## The task
Transcribe word for word the lines below from the line with "Stampa 40X40 Sam" through the line with "Harris Tweed 'Cava' Micro Bag Keyring", ends included.
◆ ◆ ◆
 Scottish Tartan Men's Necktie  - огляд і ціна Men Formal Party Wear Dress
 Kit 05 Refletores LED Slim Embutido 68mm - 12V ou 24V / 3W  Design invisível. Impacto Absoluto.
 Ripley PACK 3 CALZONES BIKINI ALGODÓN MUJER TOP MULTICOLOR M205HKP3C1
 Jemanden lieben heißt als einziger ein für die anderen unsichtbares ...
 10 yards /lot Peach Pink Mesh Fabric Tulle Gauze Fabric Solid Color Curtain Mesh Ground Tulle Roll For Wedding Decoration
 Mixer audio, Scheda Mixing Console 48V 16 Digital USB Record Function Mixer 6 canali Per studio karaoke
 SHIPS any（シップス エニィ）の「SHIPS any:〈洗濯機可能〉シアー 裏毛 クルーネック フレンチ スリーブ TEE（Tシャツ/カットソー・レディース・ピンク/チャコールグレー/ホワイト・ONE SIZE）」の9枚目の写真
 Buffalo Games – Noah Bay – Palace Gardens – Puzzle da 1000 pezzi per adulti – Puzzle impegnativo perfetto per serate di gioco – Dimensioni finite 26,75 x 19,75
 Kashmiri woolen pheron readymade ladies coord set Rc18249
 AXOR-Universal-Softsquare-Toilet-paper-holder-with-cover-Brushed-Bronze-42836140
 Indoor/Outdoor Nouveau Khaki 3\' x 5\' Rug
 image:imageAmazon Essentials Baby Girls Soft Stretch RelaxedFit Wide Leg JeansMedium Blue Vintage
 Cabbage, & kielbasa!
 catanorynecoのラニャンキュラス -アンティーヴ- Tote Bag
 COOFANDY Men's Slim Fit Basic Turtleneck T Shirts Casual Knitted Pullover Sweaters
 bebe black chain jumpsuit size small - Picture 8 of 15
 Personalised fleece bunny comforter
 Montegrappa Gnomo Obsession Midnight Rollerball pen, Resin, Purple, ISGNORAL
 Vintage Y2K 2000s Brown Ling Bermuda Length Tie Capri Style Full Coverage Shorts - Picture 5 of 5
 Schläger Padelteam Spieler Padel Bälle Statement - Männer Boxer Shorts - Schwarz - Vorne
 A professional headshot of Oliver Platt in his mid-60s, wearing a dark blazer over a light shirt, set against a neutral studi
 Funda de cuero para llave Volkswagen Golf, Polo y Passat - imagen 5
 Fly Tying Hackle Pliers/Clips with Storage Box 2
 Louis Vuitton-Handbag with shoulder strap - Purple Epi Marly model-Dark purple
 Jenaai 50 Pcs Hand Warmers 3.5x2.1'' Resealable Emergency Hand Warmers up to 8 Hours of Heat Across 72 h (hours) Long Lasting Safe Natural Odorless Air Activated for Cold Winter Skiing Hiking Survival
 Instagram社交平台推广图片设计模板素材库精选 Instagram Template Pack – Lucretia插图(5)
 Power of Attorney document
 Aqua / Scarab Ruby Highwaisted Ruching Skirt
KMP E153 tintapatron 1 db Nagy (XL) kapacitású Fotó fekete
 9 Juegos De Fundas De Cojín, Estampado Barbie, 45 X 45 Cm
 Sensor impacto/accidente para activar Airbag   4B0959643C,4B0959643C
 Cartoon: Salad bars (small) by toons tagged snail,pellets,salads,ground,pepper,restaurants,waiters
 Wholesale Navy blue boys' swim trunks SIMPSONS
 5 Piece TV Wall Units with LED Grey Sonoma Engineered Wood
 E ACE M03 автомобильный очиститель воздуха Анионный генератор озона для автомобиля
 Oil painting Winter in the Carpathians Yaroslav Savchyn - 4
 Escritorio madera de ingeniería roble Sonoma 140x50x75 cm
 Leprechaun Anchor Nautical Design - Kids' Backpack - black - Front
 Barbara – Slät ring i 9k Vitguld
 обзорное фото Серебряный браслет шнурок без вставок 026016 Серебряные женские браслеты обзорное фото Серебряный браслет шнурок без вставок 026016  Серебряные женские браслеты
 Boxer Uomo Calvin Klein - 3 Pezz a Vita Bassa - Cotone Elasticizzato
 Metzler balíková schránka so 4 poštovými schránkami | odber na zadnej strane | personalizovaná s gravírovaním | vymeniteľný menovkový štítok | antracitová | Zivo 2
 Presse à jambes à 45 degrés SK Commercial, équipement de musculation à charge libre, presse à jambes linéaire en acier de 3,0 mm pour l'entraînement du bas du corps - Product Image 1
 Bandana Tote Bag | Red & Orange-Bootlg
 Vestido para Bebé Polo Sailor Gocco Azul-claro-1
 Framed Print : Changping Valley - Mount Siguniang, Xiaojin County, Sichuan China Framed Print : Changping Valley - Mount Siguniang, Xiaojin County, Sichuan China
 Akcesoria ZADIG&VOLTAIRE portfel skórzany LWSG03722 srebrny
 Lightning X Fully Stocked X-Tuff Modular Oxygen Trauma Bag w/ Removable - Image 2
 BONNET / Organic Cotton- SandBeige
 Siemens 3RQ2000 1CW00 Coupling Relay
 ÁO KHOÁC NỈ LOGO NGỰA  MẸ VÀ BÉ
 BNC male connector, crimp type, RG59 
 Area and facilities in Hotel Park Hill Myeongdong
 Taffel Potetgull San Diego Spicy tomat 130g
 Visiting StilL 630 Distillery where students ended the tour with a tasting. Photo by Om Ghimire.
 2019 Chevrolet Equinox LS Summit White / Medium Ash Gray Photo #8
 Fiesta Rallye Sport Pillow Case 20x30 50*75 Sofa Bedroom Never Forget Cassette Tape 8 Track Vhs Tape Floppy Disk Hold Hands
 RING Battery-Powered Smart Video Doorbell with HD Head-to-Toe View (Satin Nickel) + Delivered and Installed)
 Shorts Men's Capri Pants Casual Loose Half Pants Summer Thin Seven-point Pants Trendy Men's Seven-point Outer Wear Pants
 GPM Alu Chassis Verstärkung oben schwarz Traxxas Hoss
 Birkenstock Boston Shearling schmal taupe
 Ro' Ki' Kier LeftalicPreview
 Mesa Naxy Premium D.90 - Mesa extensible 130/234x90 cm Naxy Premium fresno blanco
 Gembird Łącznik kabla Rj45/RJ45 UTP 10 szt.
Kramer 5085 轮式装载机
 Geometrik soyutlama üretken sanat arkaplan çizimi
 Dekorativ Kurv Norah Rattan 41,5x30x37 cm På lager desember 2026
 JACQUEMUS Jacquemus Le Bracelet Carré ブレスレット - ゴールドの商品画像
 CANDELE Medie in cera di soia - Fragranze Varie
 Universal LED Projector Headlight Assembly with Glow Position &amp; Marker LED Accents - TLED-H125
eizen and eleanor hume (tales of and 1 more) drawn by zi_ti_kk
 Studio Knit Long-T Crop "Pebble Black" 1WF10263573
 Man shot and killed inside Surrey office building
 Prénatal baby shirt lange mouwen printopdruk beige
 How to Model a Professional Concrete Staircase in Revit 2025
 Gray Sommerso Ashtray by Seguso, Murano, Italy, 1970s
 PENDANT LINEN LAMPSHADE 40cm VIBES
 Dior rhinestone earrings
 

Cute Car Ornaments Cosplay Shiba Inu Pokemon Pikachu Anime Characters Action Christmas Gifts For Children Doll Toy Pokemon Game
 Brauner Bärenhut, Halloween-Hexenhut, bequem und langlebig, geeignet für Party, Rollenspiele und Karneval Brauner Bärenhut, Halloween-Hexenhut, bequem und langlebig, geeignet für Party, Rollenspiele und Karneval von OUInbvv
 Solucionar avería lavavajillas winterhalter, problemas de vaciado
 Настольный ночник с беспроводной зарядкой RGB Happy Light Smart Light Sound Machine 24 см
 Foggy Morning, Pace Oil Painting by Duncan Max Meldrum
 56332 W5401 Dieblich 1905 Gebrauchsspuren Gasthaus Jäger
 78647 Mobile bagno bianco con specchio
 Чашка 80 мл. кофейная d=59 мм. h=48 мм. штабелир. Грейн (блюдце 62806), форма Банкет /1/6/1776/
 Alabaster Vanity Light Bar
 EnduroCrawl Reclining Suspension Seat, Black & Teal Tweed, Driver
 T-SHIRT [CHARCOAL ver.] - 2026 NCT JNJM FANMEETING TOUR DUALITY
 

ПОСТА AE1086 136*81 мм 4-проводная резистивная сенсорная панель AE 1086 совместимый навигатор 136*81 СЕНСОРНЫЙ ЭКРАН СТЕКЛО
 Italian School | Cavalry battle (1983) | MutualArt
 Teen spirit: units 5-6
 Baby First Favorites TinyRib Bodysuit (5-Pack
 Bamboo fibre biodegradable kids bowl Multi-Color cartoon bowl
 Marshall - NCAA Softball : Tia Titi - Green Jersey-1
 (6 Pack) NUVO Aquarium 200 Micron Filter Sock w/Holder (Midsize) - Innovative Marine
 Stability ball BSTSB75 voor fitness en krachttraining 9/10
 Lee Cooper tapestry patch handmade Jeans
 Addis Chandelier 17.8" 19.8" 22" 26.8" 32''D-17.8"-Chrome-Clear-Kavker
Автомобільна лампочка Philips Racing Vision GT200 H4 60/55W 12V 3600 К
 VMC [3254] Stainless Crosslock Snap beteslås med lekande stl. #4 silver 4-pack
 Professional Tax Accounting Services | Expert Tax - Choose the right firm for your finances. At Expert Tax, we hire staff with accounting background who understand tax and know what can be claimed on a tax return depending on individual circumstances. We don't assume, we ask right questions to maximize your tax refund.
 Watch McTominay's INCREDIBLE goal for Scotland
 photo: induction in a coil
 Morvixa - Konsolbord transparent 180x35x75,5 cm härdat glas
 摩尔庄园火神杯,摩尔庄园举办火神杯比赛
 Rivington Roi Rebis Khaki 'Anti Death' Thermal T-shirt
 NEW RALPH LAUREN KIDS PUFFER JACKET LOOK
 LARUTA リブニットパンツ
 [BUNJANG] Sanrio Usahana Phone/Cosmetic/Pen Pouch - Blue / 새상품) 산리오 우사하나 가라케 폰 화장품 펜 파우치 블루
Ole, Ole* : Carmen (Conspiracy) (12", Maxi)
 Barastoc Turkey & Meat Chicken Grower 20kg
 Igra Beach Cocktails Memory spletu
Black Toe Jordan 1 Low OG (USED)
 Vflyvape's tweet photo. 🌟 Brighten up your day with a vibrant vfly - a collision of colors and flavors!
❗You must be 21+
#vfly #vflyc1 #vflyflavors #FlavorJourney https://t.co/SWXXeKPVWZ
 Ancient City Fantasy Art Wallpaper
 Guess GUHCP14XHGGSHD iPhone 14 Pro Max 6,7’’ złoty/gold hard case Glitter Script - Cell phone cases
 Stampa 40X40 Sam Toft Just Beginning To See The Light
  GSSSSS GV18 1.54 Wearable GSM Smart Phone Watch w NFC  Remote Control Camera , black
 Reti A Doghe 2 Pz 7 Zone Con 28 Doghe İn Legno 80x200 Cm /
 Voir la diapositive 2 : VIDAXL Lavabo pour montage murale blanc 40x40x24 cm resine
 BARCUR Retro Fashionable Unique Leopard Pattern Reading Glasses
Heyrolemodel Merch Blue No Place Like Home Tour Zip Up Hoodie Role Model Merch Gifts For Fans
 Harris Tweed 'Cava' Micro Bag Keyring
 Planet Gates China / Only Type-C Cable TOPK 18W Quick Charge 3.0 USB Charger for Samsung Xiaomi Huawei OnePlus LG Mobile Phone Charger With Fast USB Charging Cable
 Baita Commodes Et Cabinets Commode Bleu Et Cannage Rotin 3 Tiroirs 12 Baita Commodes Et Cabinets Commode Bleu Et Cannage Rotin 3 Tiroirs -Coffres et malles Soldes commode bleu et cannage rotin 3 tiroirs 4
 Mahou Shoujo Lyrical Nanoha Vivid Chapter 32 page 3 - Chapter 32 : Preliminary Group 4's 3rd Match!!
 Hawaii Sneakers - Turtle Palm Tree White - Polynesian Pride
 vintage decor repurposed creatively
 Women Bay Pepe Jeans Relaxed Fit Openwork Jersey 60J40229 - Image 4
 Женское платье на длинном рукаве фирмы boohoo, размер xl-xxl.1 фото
◆ ◆ ◆
## Task answer
 Stampa 40X40 Sam Toft Just Beginning To See The Light
  GSSSSS GV18 1.54 Wearable GSM Smart Phone Watch w NFC  Remote Control Camera , black
 Reti A Doghe 2 Pz 7 Zone Con 28 Doghe İn Legno 80x200 Cm /
 Voir la diapositive 2 : VIDAXL Lavabo pour montage murale blanc 40x40x24 cm resine
 BARCUR Retro Fashionable Unique Leopard Pattern Reading Glasses
Heyrolemodel Merch Blue No Place Like Home Tour Zip Up Hoodie Role Model Merch Gifts For Fans
 Harris Tweed 'Cava' Micro Bag Keyring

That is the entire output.